[lbo-talk] the "principles of solidarity"

wrobert at uci.edu wrobert at uci.edu
Mon Sep 26 15:48:38 PDT 2011



> [WS:] Agreed. But it also extremely time and effort demanding, which
> makes it unsustainable in a long run. People need to go on with their
> lives, not just spend all their time deliberating - especially issues
> that are prone to the free rider effect. That is why there not that
> many historical societies where deliberative democracy survived for an
> extended period of time.
>
> To phrase it differently, any political or social system that
> constantly requires extraordinary effort from ordinary people is not
> sustainable in a long run. Capitalism requires the opposite (consume
> and leave the rest to us) and that explains, in large part, its
> successful spread despite it obvious failures.
>

I think the problem is that such a project has to operate on all or nothing principles, that is, that all decisions must be made in such a process or none at all. I think that one could push towards a system that incorporates forms of deliberative democracy, while not insisting that all decisions are made on those lines. We should also note that the very nature of the capitalist work day contributes to many people's inability to engage with these long running forms of decision making.

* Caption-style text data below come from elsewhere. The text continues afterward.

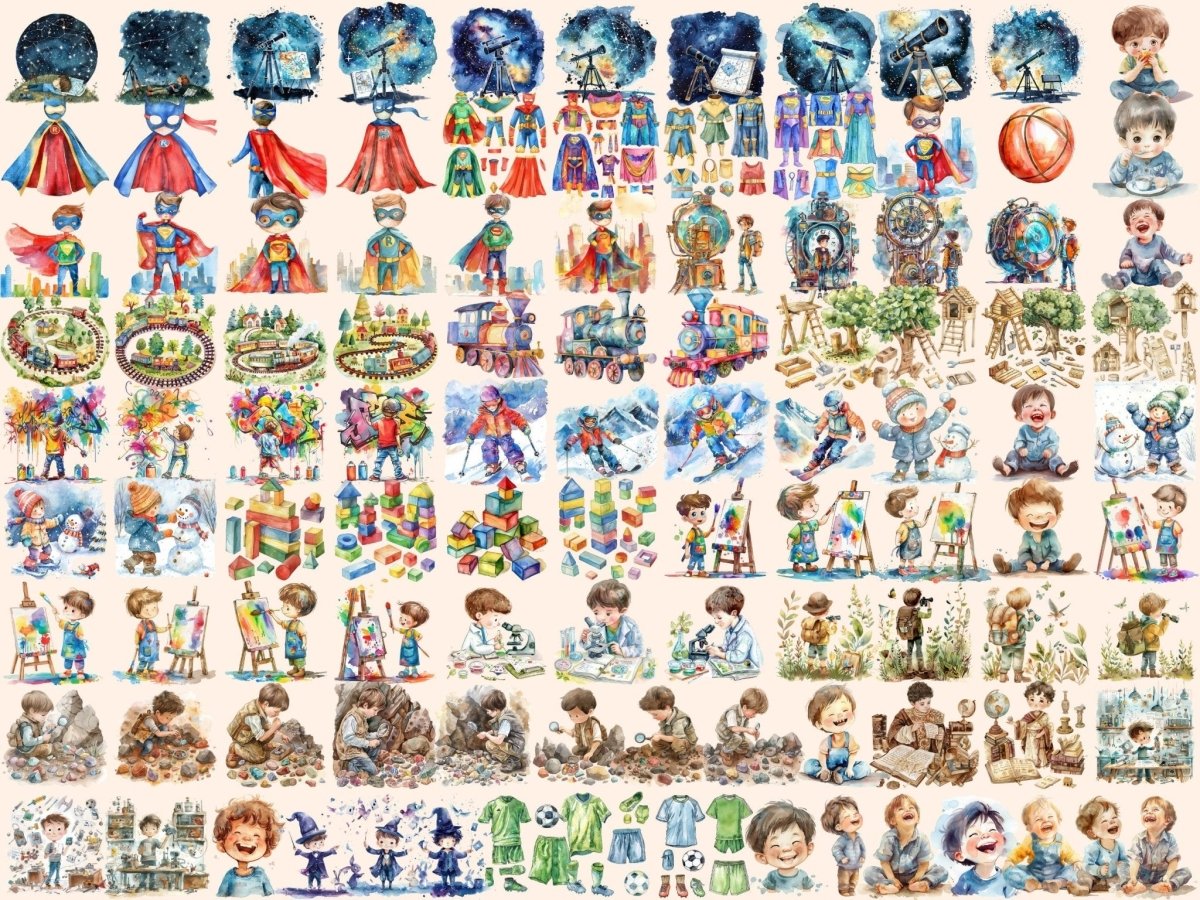 Boys Watercolor Clipart boy child clipart - Wonders Artist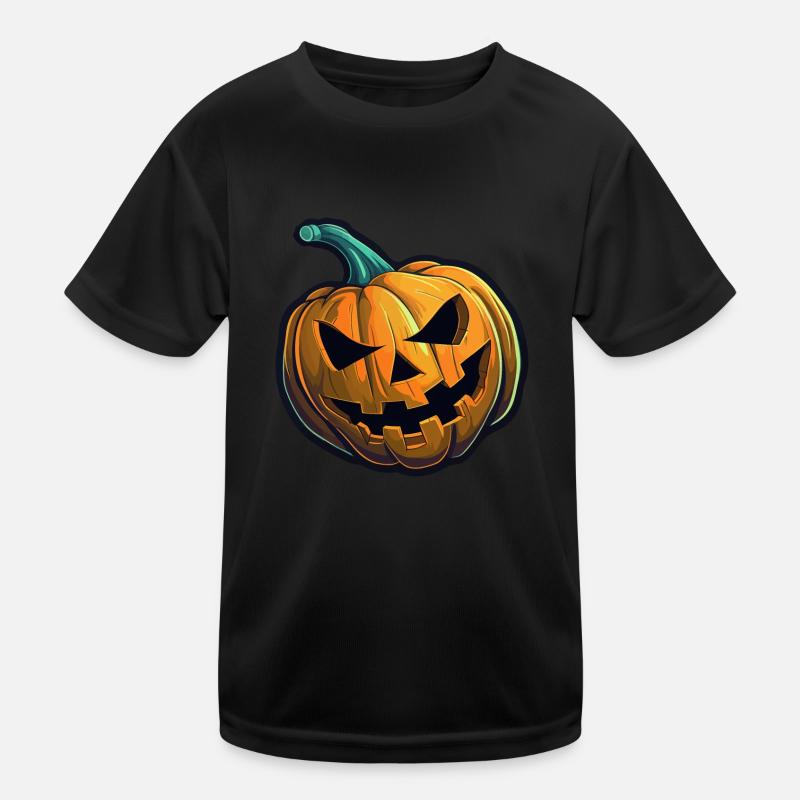 Grusliger Halloween Kürbis mit schaurigem Blick Kinder Funktions-T-Shirt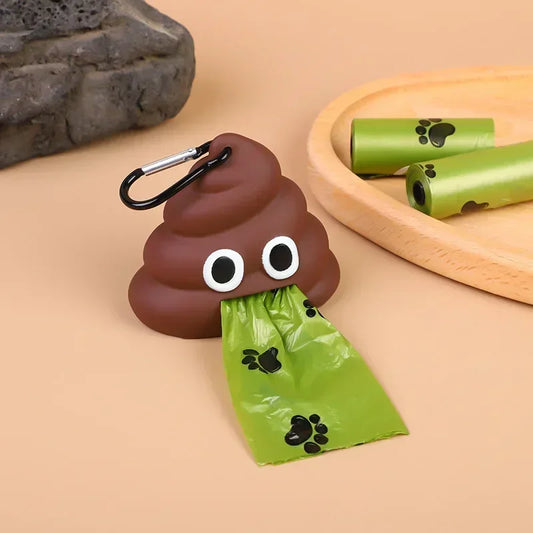 Distributeur portable de sacs à déjections canines – Boîte de rangement biodégradable pour sacs à crottes et selles pour chiens et chats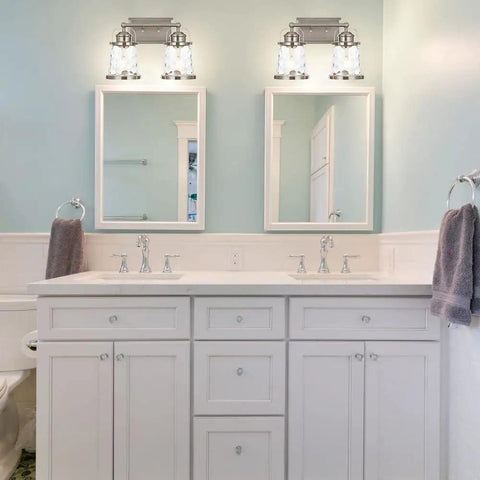 2 Light Vanity Light Fixtures In Modern Brushed Nickel Finish For Bathroom Over Mirror Industrial Sconces Wall Lighting With Hammered Glass Shades Vintage Industrial Style Boss Level Glow Ready To Install above white bathroom vanity with double sinks.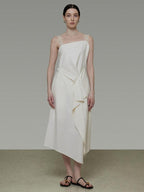 unspoken Cinched Waist Minimalist Asymmetric Spaghetti Strap A Line Midi Maxi Dresses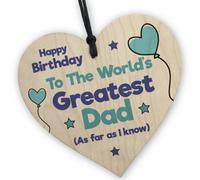 Red Ocean Greatest Dad Wooden Heart Handcrafted Keepsake With Funny Message Perfect Birthday Gift For Dad With A Sense Of Humor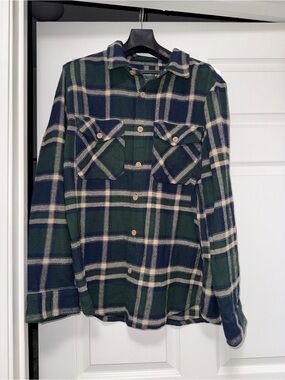 Primark Green, Navy & Cream Plaid Button-Up Shirt Jacket
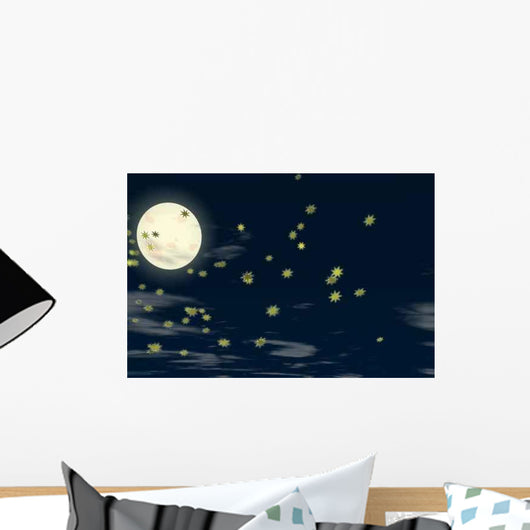 Sternen Mond Wall Decal
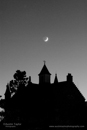 Islesburgh Community Centre with a new moon, Lerwick
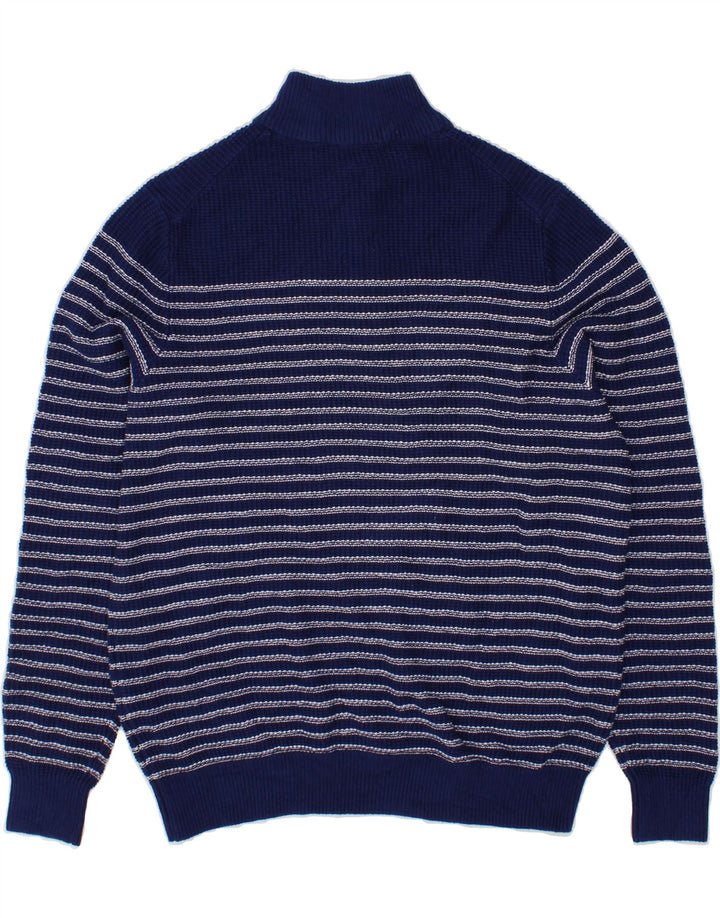 IZOD Mens Zip Neck Jumper Sweater Large Navy Blue Striped Cotton Vintage Izod and Second-Hand Izod from Messina Hembry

In addition, your response offers a fairly flatfooted interpretation of the process taken on by the protesters. I think we need to see these forms of utopian experimentation as performative actions, created as an implicit form of critique for a society that has created such a meaningless and debased form of democracy. It is meant to show that forms of collectivity have the capacity to act in a different manner than current common sense accepts. I'm tempted to use science fiction critic Darko Suvin's term to describe this process, 'cognitive estrangement.' The action is performance, one used to challenge the ideological zero world of its audience. Whether it's very good theater or not is another question. (The graphic novel War In The Neighborhood by Seth Tobocman is one of the more powerful engagements with this process, and its often powerful contradictions.)